Apple disappoints Wall Street while world awaits iPhone 5
Being a public company would be so great if it weren’t for those pesky financial analysts. To break with the traditional love fest that typically follows an Apple quarterly financial report, the stock market threw a conniption fit that Apple ONLY improved profits by 21%, year-on-year, and managed to grow revenues a “paltry” 22% over last year at this time.
Never mind that this performance was achieved in the middle of a global financial slow down and that Apple has managed to basically upend the mobile devices market in the last 5 years and force all OEMS but Samsung to run for cover.
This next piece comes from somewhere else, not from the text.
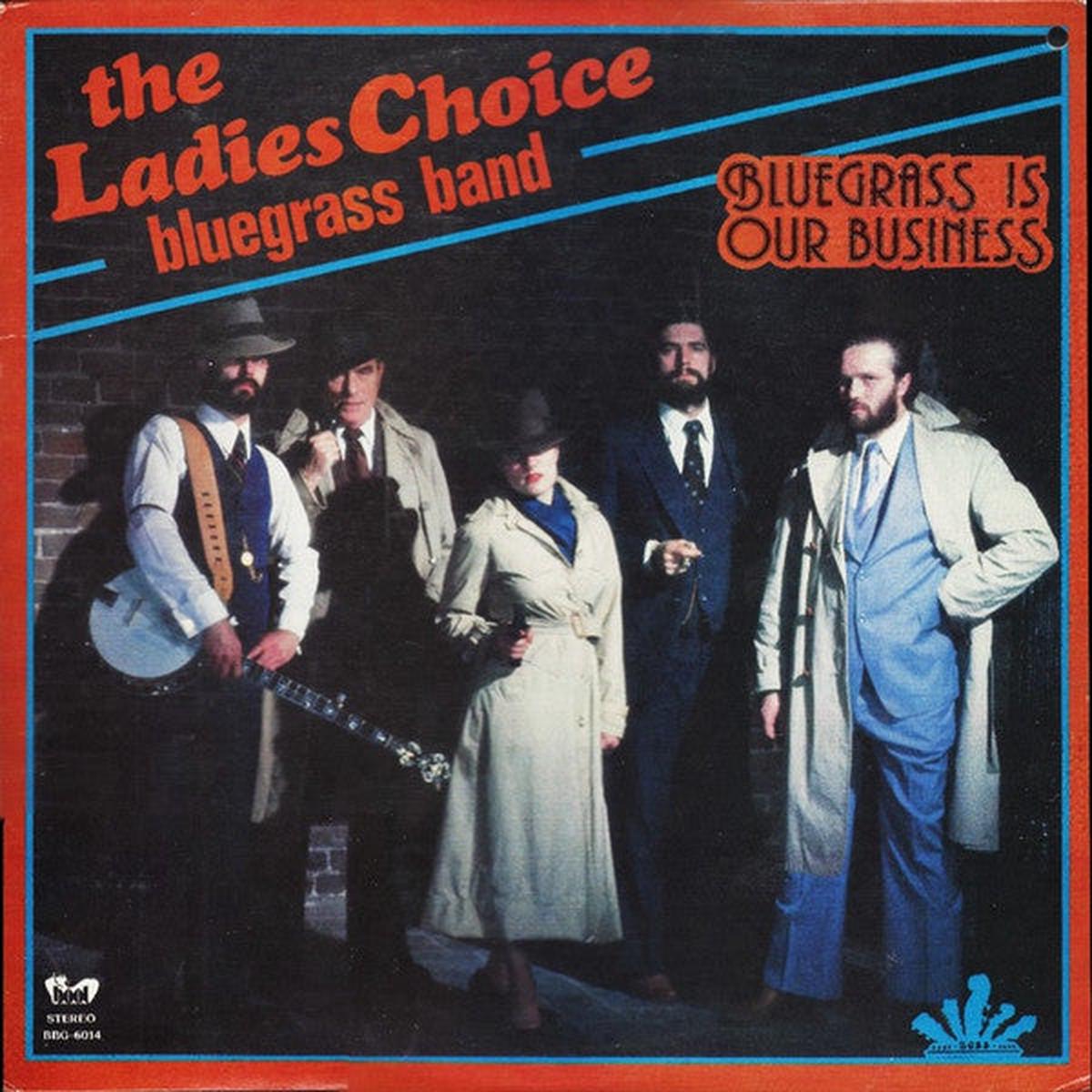 The Ladies Choice Bluegrass Band  Bluegrass Is Our Business -1981 Bluegrass, Folk (Vinyl)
Financial analysts had clearly wanted more from the magicians in Cupertino and when the analyst’s expectations were missed, Apple stock dropped nearly 6% in after-hours trading.
But let’s be clear, there is no immediate weakness in Apple’s business outlook. The iPad continues to outsell every other tablet on the planet while the iPhone 5, or whatever it will be called, is on top of consumer and mobile operator wish lists around the globe.
Does this mean Apple will be on top forever? Global corporate history suggests otherwise, but for the foreseeable future the company will need to rethink its strategy on how to brief financial analysts to generate more realistic forecasts. Perhaps a vigorous return to the Jobs-era practice of under-promising and over-delivering will do the trick. But in a market when few companies can inspire analysts to wax poetic, can you blame Wall Street from channeling the American soul hit, “(If Loving You Is Wrong) I Don’t Want to Be Right”?
None of this is to say that Apple is immune to market pressures or innovation from competitors. In fact, it will be crucial for Apple to make significant strides in industrial design, its OS and user interface to stay on top of a very competitive field of players. But unless the next version of the iPhone is a significant flop, the current stock market kerfuffle will be remembered as a bump on an otherwise fine road.